其一是:“當年編《朱光潛美學文集》,朱先生曾特地關照我,不要把他筆下的‘造形藝術’,改成‘造型藝術’。……朱先生認為……理應用‘形’而不是‘型’。”
大家果然有其獨到之處,朱先生所囑,自有其道理,對自己的文稿有所主張,也是在維護著作權,當受法律保護。同時應該看到,《現代漢語詞典》《辭海》中至今收有“造型藝術”。《現代漢語詞典》說:“也叫美術。”反過來,美術:“造型藝術。”《辭海》說:“亦稱‘美術’、‘視覺藝術’或‘空間藝術’。”反過來,美術:“亦稱‘造型藝術’。”涉及與大眾文化密切相關的“美術”,茲事體大,恐怕就不能簡單地說是用了“潛性別字”。
其二是:“日前讀《趣說字里行間》一書,作者也提供了一個‘潛伏’的案例:‘云山霧罩’。這一詞語在常見辭書上查不到,但至少可以算作慣用語……作者一語點破玄機,他認為‘山’字是個別字,正確的寫法是‘苫’。‘云苫霧罩’——‘苫’和‘罩’都是動詞,像云一般‘苫’著……這原是一句口語,書面記錄下來時,‘苫’因冷僻而訛變成了‘山’。”
不是這么回事呀。首先,“云山霧罩”在《現代漢語詞典》《現代漢語規范詞典》中均出條,“在常見辭書上查不到”的說法,盲目立論,無視事實。其次,“苫”有二音,如文章中所說是動詞,表示“像云一般‘苫’著”時,讀shàn,并不讀shān。當年膾炙人口的經典相聲《扒馬褂》中,多有“云山霧罩”說法。“這原是一句口語,書面記錄下來時”,也就只好如是。至于如今有重大發現,有人能“一語點破玄機”,那或許是當事人熟悉的口語中另有“云shàn霧罩”,也未可知。但因此而認定“‘苫’因冷僻而訛變成了‘山’”,顯然理據不足,想當然耳。

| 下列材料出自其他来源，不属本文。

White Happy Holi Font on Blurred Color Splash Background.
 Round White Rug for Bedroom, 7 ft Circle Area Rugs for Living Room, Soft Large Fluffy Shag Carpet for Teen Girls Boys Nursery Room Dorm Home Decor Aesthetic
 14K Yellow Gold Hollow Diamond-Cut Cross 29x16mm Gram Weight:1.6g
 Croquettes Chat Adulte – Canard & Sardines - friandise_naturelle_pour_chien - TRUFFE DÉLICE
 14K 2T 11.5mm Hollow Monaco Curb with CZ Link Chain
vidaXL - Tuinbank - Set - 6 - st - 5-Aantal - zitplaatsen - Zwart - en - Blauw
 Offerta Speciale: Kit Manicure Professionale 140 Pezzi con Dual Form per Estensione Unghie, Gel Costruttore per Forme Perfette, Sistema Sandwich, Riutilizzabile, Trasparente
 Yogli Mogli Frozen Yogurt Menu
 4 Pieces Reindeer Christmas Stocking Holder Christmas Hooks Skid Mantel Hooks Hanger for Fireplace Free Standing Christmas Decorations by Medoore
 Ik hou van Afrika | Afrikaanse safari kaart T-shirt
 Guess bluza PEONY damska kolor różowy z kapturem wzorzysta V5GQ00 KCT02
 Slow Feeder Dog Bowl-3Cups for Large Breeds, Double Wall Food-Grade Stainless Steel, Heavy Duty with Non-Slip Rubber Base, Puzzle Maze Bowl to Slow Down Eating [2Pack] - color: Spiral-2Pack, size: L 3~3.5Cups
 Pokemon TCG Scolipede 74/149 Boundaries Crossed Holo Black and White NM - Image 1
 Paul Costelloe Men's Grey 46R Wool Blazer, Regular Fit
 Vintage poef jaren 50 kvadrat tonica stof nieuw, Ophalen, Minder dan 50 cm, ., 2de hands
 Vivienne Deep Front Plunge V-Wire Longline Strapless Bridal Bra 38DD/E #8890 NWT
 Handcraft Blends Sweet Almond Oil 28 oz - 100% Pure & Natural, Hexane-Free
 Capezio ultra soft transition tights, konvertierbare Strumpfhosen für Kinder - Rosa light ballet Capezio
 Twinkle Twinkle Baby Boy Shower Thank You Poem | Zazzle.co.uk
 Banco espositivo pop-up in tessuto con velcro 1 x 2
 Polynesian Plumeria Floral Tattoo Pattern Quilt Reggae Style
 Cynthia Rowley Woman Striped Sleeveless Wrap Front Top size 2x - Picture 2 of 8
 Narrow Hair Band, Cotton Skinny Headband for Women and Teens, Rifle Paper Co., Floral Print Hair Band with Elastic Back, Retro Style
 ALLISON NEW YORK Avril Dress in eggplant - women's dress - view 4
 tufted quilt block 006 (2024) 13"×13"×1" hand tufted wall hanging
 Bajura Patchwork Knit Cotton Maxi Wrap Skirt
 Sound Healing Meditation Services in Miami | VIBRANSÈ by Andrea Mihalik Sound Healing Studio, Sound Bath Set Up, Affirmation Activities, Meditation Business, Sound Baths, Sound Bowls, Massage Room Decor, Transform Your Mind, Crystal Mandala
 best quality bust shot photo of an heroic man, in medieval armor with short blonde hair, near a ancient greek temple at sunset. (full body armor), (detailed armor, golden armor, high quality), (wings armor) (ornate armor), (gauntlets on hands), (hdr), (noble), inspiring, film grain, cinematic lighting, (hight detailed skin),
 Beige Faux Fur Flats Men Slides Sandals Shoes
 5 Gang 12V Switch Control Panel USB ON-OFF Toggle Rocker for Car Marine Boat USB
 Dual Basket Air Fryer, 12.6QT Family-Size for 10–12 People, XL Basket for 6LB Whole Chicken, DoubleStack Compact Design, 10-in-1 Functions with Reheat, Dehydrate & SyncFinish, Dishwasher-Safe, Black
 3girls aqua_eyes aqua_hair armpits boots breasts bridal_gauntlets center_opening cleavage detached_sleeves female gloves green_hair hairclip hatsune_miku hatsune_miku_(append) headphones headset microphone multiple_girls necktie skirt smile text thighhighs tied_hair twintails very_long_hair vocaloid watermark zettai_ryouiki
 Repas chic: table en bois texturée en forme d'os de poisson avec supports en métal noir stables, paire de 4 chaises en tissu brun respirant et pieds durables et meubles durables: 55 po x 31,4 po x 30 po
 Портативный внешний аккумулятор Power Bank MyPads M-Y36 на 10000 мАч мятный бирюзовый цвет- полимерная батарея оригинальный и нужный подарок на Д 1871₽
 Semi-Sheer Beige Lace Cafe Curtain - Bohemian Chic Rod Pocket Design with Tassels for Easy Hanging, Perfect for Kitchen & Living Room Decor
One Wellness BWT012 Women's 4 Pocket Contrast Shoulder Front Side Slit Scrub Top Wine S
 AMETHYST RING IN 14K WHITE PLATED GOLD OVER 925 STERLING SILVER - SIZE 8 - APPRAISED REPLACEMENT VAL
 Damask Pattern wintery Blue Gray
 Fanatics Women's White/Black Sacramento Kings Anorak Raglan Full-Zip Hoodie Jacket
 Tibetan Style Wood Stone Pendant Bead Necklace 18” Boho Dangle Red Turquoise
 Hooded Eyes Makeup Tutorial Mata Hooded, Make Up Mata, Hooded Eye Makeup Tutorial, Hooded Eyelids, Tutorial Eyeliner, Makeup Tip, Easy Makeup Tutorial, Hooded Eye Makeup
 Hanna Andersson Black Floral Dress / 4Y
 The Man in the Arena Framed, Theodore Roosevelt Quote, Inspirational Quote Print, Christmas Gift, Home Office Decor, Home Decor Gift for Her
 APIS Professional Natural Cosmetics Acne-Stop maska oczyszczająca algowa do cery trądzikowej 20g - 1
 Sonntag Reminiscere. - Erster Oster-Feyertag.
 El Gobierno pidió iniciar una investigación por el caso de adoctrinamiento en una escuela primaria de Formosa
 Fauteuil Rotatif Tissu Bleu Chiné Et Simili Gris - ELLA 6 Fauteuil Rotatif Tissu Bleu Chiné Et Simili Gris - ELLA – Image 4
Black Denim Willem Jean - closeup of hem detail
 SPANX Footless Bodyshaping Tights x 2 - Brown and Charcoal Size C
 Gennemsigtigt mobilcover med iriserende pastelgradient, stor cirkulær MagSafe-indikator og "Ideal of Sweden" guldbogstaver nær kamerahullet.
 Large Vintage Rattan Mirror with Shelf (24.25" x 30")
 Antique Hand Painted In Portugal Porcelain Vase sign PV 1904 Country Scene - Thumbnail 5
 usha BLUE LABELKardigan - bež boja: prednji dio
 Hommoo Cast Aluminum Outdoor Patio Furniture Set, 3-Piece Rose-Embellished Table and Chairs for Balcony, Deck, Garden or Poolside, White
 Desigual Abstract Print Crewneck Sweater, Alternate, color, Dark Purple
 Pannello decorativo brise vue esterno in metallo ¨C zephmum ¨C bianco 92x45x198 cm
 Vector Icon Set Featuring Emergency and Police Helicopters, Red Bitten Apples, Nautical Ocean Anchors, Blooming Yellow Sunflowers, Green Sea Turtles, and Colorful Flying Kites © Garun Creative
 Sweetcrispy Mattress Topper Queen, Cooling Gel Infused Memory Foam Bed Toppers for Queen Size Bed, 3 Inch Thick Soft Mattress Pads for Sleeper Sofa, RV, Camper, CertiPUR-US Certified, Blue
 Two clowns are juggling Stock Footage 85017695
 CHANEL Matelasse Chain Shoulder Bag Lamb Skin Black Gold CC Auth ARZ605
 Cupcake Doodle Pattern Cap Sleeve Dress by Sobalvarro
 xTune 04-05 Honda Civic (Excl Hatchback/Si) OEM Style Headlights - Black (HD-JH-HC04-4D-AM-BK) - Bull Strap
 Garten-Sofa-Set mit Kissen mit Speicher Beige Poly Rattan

其三是:“常見于中學課堂里的那一副對聯,同樣也‘潛伏’著一個典型的別字。這一副對聯是:書山有路勤為徑;學海無涯苦作舟。……但仔細一琢磨,便會發現其中的破綻。原來,上聯的‘徑’,本應是個‘脛’字。脛者,腿也。書山有路,勤奮就是腿,有腿就能攀登……‘書山有路勤為脛,學海無涯苦作舟’,這才稱得上是文字淺顯而寓意深刻。誤‘脛’為‘徑’,‘路’和‘徑’同義反復,還有多少積極意義可言呢?”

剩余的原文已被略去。